**Task description**
Leaving out every picture, copy the lines of the material below exactly, from the line containing "Framed PIcture Of" through the line containing "Photo #210117 de Eros".
*** Source records ***
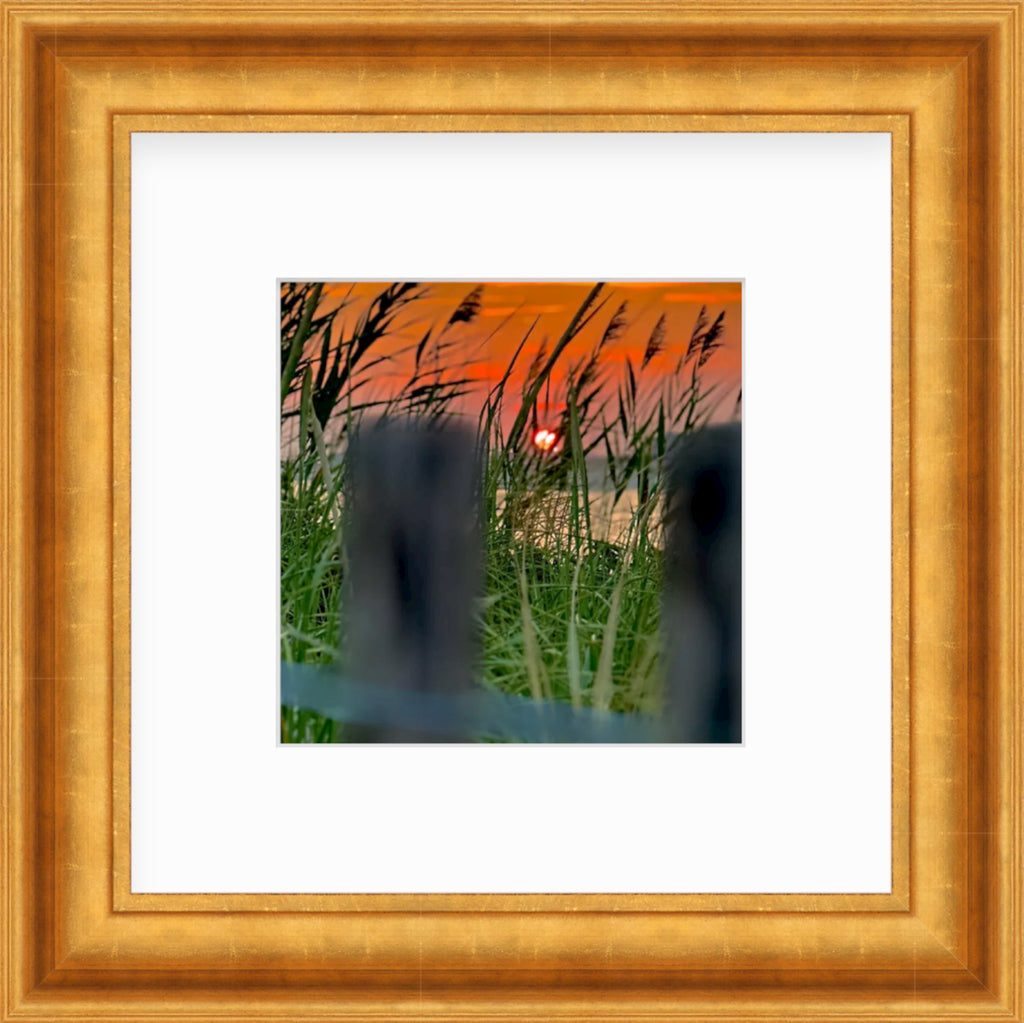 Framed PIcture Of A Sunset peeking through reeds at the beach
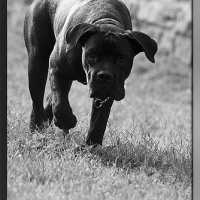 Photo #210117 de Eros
***
*** Source records ***
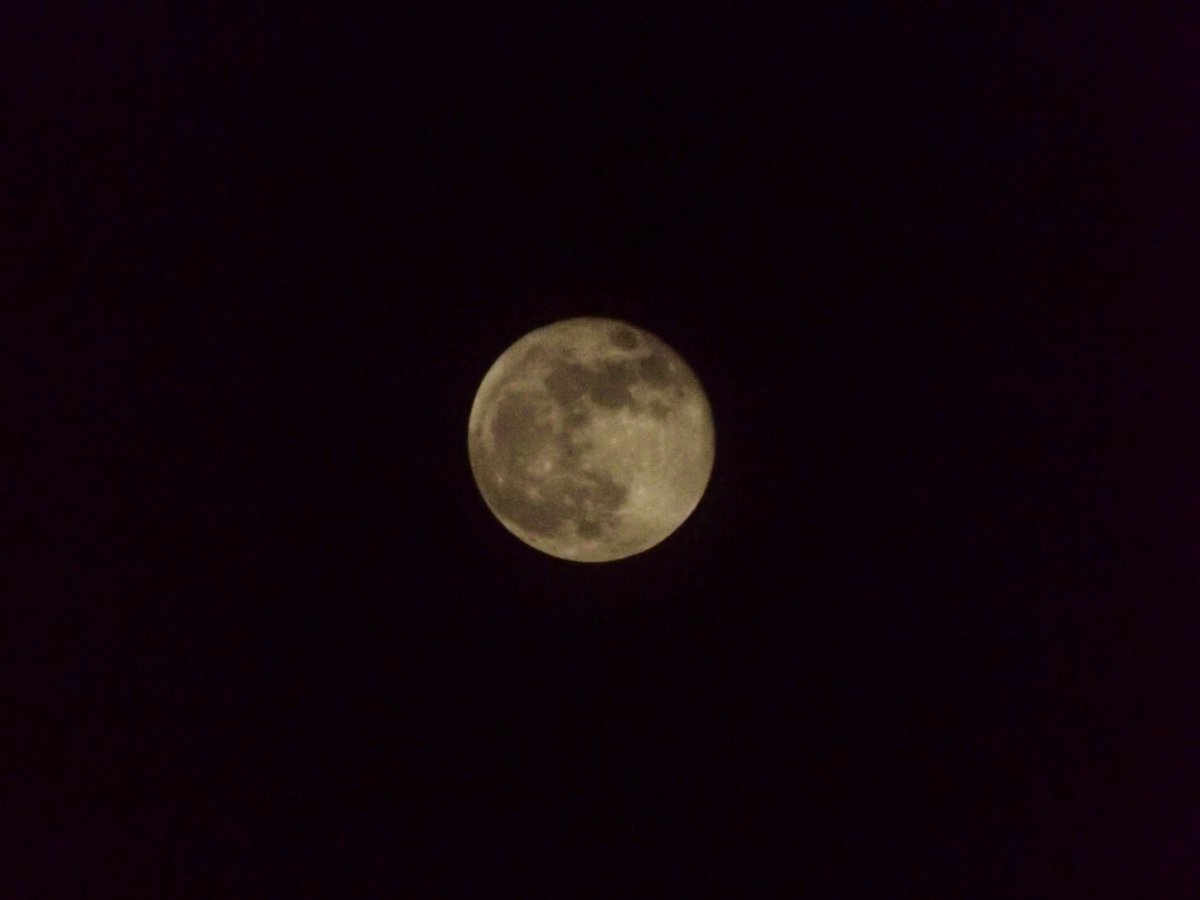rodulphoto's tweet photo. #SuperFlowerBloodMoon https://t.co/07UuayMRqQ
***
*** Source records ***
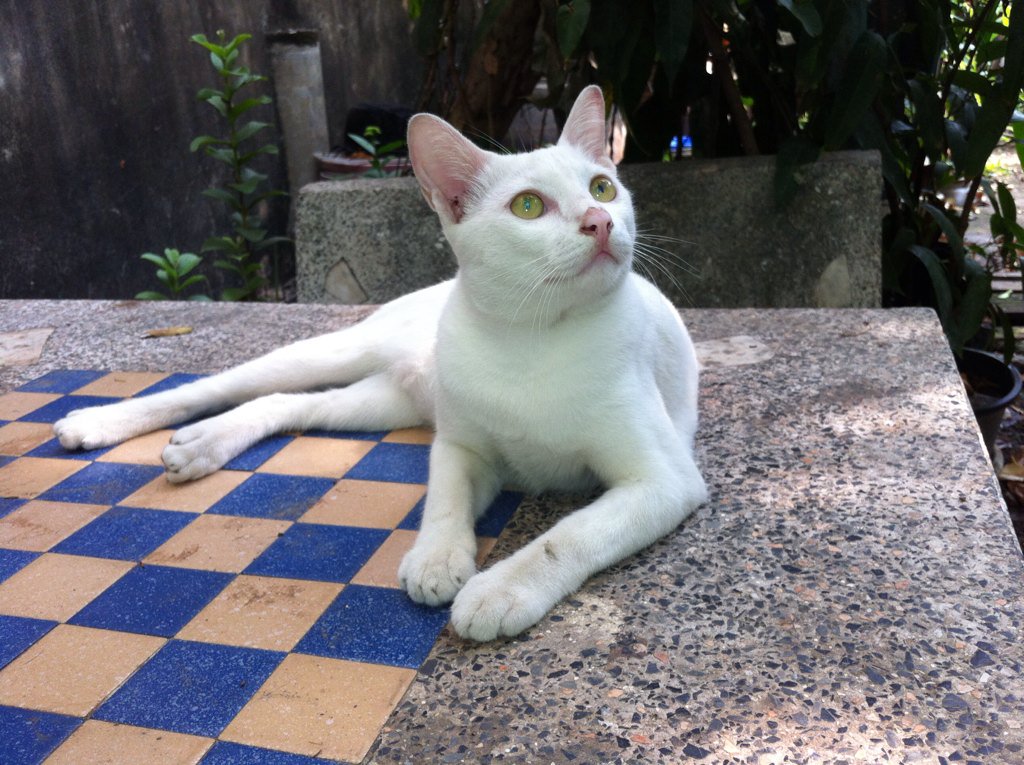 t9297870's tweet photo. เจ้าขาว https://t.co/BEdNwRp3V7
***
**Solution for this task**
 Framed PIcture Of A Sunset peeking through reeds at the beach
 Photo #210117 de Eros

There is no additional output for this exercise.